No treatment helps everyone, and it is important to consider potential moderators of treatment (33
). In the present work, the effects of extended-pre-quit were consistently, albeit unexpectedly, moderated by gender across behavioral, biochemical, and subjective measures. Among women, extended pre-quit varenicline prompted greater reductions in self-reported smoking rate and biochemical evidence of smoking exposure (expired-air CO) prior to the TQD and greater nausea pre-TQD, and it doubled rates of bio-verified abstinence at 3-month follow-up. Among males, none of these effects were statistically significant. However, consistent with data from larger clinical trials of varenicline which report equivalent abstinence rates for men and women (7
), we observed no gender differences among those receiving standard treatment, and abstinence rates were solidly within the range typically observed with standard varenicline treatment.

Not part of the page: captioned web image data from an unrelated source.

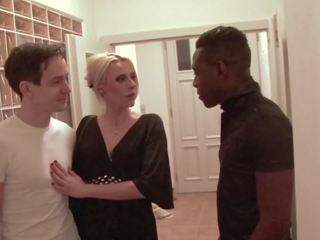 Perfected Wife Fucks with a Black Man to Fuck Her Hardcore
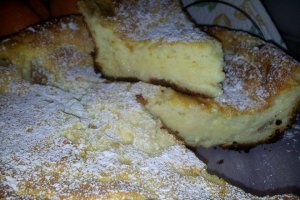 Prajitura cu crema de branza si pere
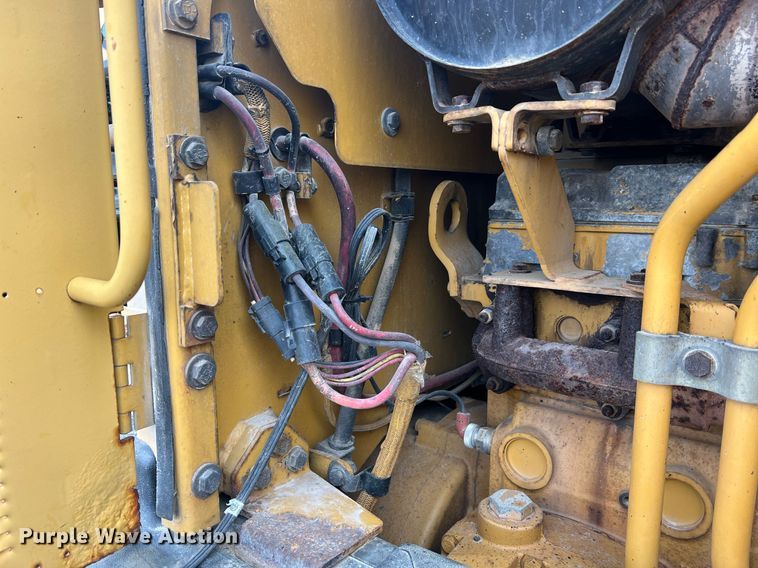 image for item NI9061 2005 Caterpillar 12H  VHP motor grader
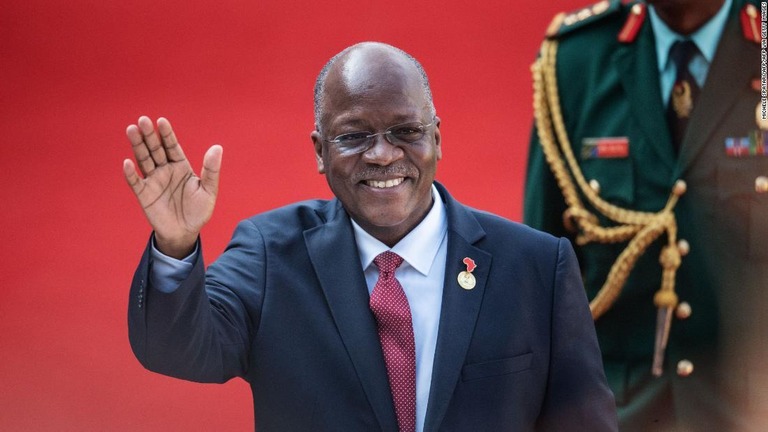 タンザニアのマグフリ大統領は、同国が新型コロナを克服したと演説した/MICHELE SPATARI/AFP/AFP via Getty Images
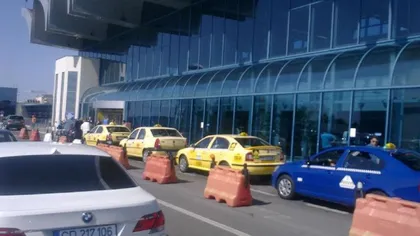 Taximetriştii ameninţă că se retrag de pe Aeroportul Otopeni din cauza promovării Uber. Ce spune conducerea aeroportului UPDATE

These data raise the possibility that gender specifically moderates pre-quit processes that are the focus of extended run-in period. The results of the largest existing trial of extended pre-quit treatment are broadly consistent with this hypothesis. Specifically, the beneficial effects of a pre-quit regimen of transdermal nicotine and denicotinized cigarettes on short-term abstinence were driven primarily by women.(34
It is important to consider whether the ‘sex’ differences observed here are really reflective of a more proximal variable, such as differences in drug concentration. Indeed, steady-state varenicline levels are predictive of cessation outcome (35
). Although the lack of robust sex differences in weight or medication adherence fail to support the hypothesis that varenicline concentrations were markedly different in the present study, future work should include direct measures over time (see also 36
Still, we are not suggesting that extending pre-quit treatment is ineffective among men. The results of one recent study raise the possibility that, on average, the effects of pre-quit varenicline may emerge more slowly among men (37
). More generally, rather than propose that sex is the
critical factor to examine, we suggest that future large-scale studies of extended pre-quit treatment explicitly consider individual differences in a range of parameters, including baseline smoking rate(38
), nicotine metabolism(33
), and varenicline concentration(35
In summary, the present data demonstrate that extended use of varenicline during the weeks leading up to a quit attempt reduces smoking behavior and subjective effects of smoking during the pre-quit period. The data are consistent with an extinction model of the mechanism of varenicline. The outcome data, though exploratory, suggest that extending the duration of pre-quit varenicline improves short-term abstinence rates above the already notable rates obtained with standard varenicline dosing, at least for a subset of smokers. The combination of a strong theoretical foundation, straightforward treatment modification, and encouraging data on both process and outcome suggest that Phase III trials of extended run-in varenicline therapy for smoking cessation are warranted.